**Task to complete**
Excluding all pictures, please output the listing exactly.

**Raw data**
========

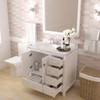 Virtu USA GS-50036-CMRO-WH Caroline Avenue 36" Bath Vanity in White with Cultured Marble Quartz Top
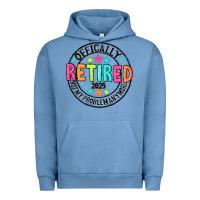 Pigment Pebble Blue Officially Retired 2025 not my problem anymore Urban Hoodie - CowhideDigitalArt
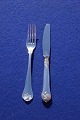 Saksisk Danish silver flatware, settings luncheon cutlery of 2 pieces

========

**Result**
 Virtu USA GS-50036-CMRO-WH Caroline Avenue 36" Bath Vanity in White with Cultured Marble Quartz Top
 Pigment Pebble Blue Officially Retired 2025 not my problem anymore Urban Hoodie - CowhideDigitalArt
 Saksisk Danish silver flatware, settings luncheon cutlery of 2 pieces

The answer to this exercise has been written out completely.